RumeliDE Dil ve Edebiyat Araştırmaları Dergisi, sa.47, ss.156-171, 2025 (Hakemli Dergi)
Kentler, insanların fiziksel ve sosyal gereksinimlerinin karşılandığı, tarihi, siyasi, sosyal, kültürel
geçmişin birikimini taşıyan çok boyutlu yaşam alanlarıdır. Kentler, çağlar boyunca değişime uğramış,
küreselleşme sürecinde hız kazanan konutlaşmayla birlikte, tüketim kültürüne yönelik yapıların bir
parçasına dönüşmüştür. Kentlerdeki bu değişim, sosyal ve kültürel ilişkilerin zayıfladığı, bilgi
alışverişinin hızlandığı, insanların birbirlerine ve kendilerine yabancılaştığı bir süreci beraberinde
getirmiştir. Bu çalışmada, çağdaş resim sanatında yabancılaşma olgusunun önemli bir göstergesi olan
kent-pencere imgesi ele alınmıştır. Pencere imgesi kent yaşamındaki iç mekânla, dış mekânı birbirine
bağlayan bir geçiş nesnesi konumunda olan ve duygu yoğunluğunu arttıran bir ışık kaynağıdır.

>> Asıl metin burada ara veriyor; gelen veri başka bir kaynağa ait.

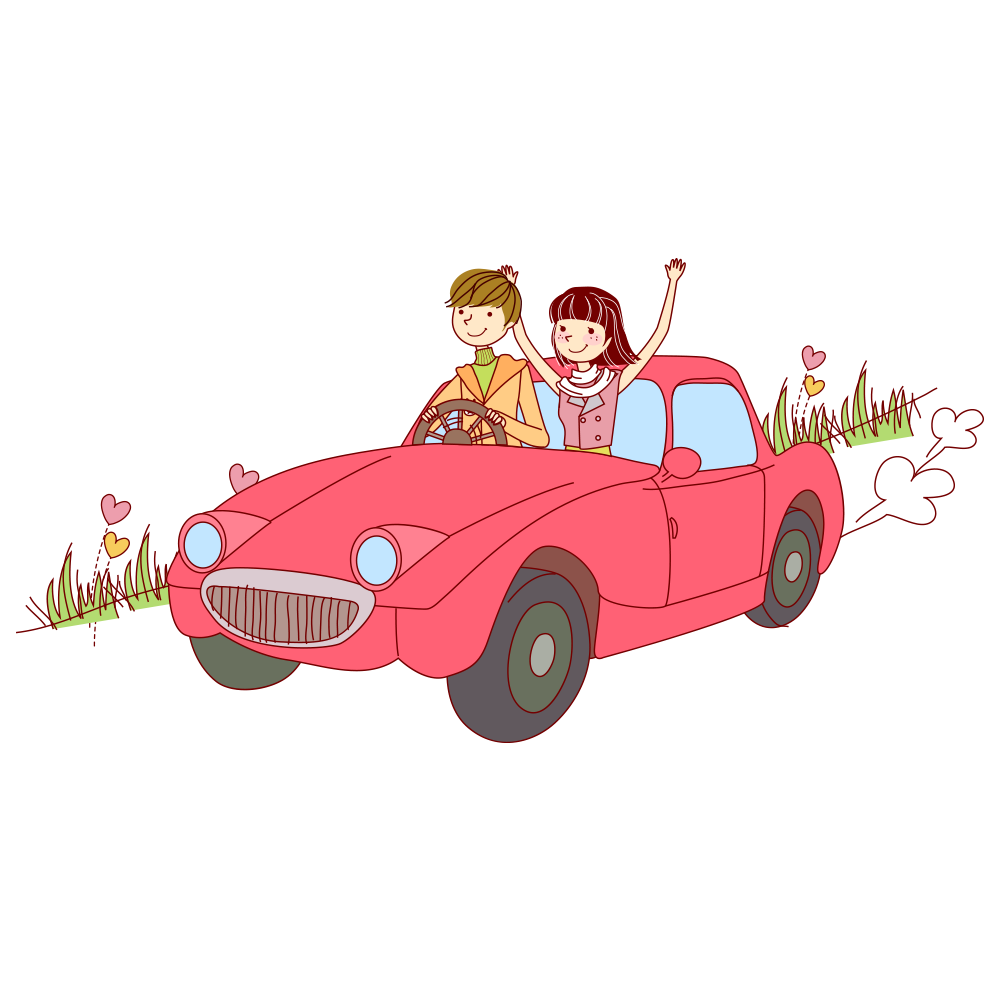 Couple transprent png free. Driving clipart pink car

Çalışmanın amacı, yabancılaşma olgusu bağlamında çağdaş kent yaşamında betonlaşmanın parçası
olan, içinde yaşadığımız çağla özdeşleşen pencere imgesinin, çağdaş resim sanatındaki yerine,
önemine dikkat çekmek ve incelemektir. Çalışmada çağdaş resim sanatında yabancılaşmanın bir
göstergesi olarak kent yaşamındaki mimari yapılardaki pencere imgesini ele alan sanatçılar Marc
Chagall, Henri Matisse, Rene Magritte, Edward Hopper ve Nuri Kuzucan'ın yapıtları incelenmiştir.
Bu yapıtlarda görüldüğü gibi pencere imgesi, sanayileşme ve teknolojinin gelişmesiyle birlikte,
insanın kendine yabancılaşmasının önemli bir parçası olmuştur. Sanatçıların yapıtlarında, kentleşme
hareketlerinin, çağdaş yaşamda değişim ve dönüşüme yol açtığı, doğal alanların giderek azaldığı, bina
cephelerinin ön planda olduğu kent dokusunda pencere imgesinin yabancılaşma olgusu bağlamında
en temel öğelerden biri olduğu düşünülmektedir.